The ListCollection example on this book's Web site shows some of the things you can do with List<T>. In the following code listing, I'll intersperse explanations with bits of code.

The following code (excerpted from the example) shows how to instantiate a new, empty list for the string type. In other words, this list can hold only strings:

// List<T>: note angle brackets plus parentheses in
// List<T> declaration; T is a "type parameter",
// List<T> is a "parameterized type."
// Instantiate for string type.
List<string> nameList = new List<string>();
sList.Add("one");
sList.Add(3);                            // Compiler error here!
sList.Add(new Student("du Bois"));       // Compiler error here!

You add items to a List<T> by using its Add() method. The preceding code snippet successfully adds one string to the list, but then it runs into trouble trying to add first an integer and then a Student. The list was instantiated for strings, so the compiler rejects both attempts.
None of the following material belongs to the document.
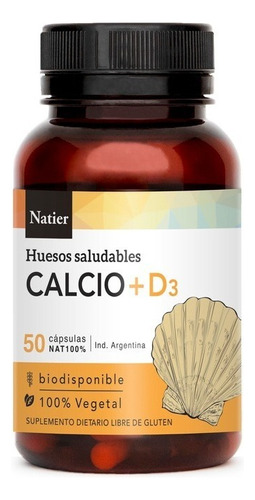 Calcio + Vitamina D3 Huesos Saludables/dientes Natier 50 Cap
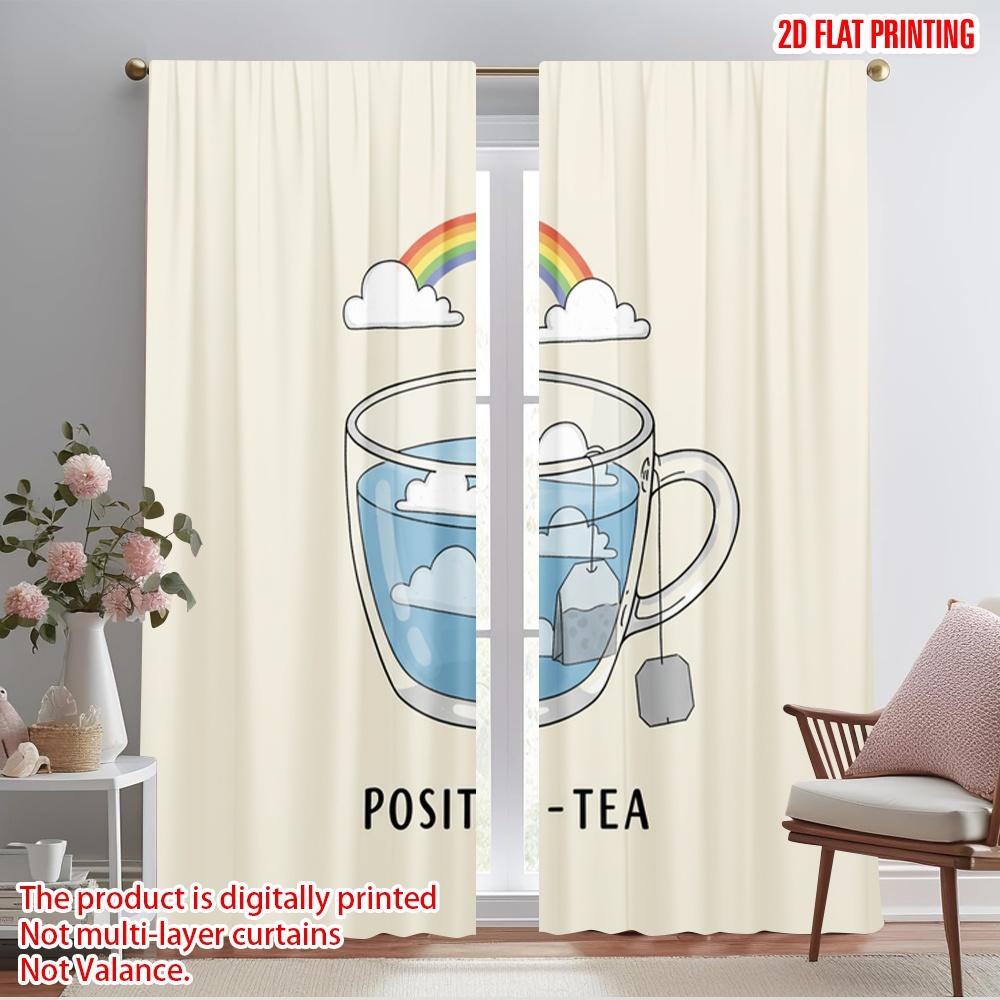 

2 шт. 2D плоская печать Занавески для окон Positivitea Радужные облака Кружка Полиэстер Без электричества Праздничный праздник Идеально для 52.50×116.00 CM 2pcs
The next code fragment instantiates a completely new list for type int and then adds two int values to the list. Afterward, the foreach loop iterates the int list, printing out the ints:

// Instantiate for int.
List<int> intList = new List<int>();
intList.Add(3);                          // Fine.
intList.Add(4);
Console.WriteLine("Printing intList:");
foreach(int i in intList)  // foreach just works for all collections.
{
  Console.WriteLine("int i = " + i);
}

The following bit of code instantiates a new list to hold Students and adds two students with its Add() method. But then notice the array of Students, which I add to the student list using its AddRange() method. AddRange() lets you add a whole array or (almost) any other collection to the list, all at once:

// Instantiate for Student.
List<Student> studentList = new List<Student>();
Student student1 = new Student("Vigil");
Student student2 = new Student("Finch");
studentList.Add(student1);
studentList.Add(student2);
Student[] students = { new Student("Mox"), new Student("Fox") };
studentList.AddRange(students); // Add whole array to List.
Console.WriteLine("Num students in studentList = " + studentList.Count);

(Don't worry about the "new Student" stuff. I get to that topic in Book II.)

Tip

You can easily convert lists to arrays and vice versa. To put an array into a list, use the list's AddRange() method as just described. To convert a list to an array, call the list's ToArray() method:

Student[] students = studentList.ToArray();  // studentList is a List<Student>.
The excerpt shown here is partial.